Weil es sich um ein Debut-Werk handelt, kann man dem Verfasser diverse Fehler nachsehen. Das Privatleben von Paul und Lise legt Cadnum zu breit an; die Figuren werden dadurch nicht plastischer, und für den Gang der Handlung sind viele Informationen schlicht überflüssig.

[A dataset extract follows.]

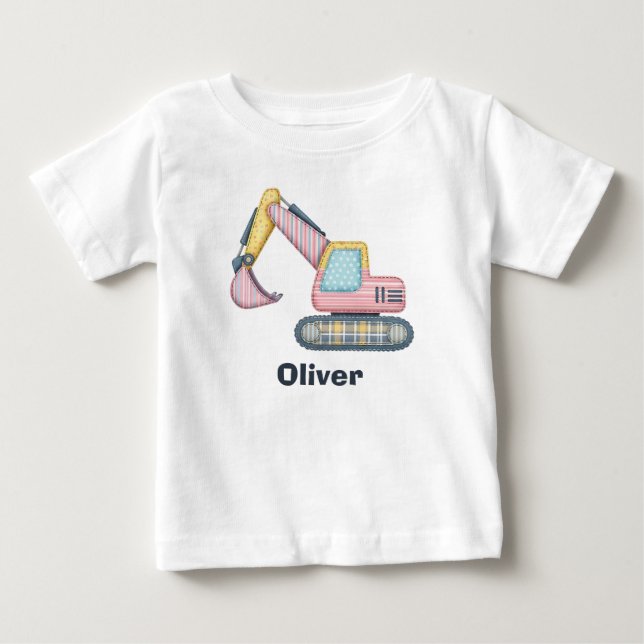 Camiseta De Bebé Excavadora de parches adorable (Anverso)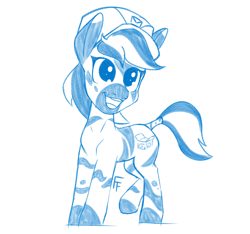 Size: 1600x1500 | Tagged: safe, artist:frecklesfanatic, oc, oc only, oc:amazon prime, zebra, female, hat, sketch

Die Familiengeschichte der Wrights wird zwar glaubhaft als Quelle potentiellen Wahnsinns dargestellt, aber wieso ausgerechnet Leonards Großvater herumspuken sollte, wird niemals wirklich klar. Ungeklärt bleibt auch die Frage, wieso Paul, Lise und Mary ständig derselbe Albtraum – in einer Hütte, die sich später (ebenso unerklärlich) als das Parker-Spukhaus erweist, werden die Träumenden von einer unbekannten Macht bedroht – plagt. Wie kann dies sein, wenn Leonard ein ‚normaler‘ Irrer ist, der beileibe keinen Draht zum Jenseits besitzt? Solche (und einige andere) Ungereimtheiten fallen indes wenig ins Gewicht; es überwiegt das Positive dieses Romans, der nichts will als zu unterhalten, ohne dabei mit dem Blick auf die Verkaufszahlen die unheimliche, aber letztlich ‚logisch‘ aufzuklärende Geschichte einer Remmidemmi-Zombie-Plotte zu opfern.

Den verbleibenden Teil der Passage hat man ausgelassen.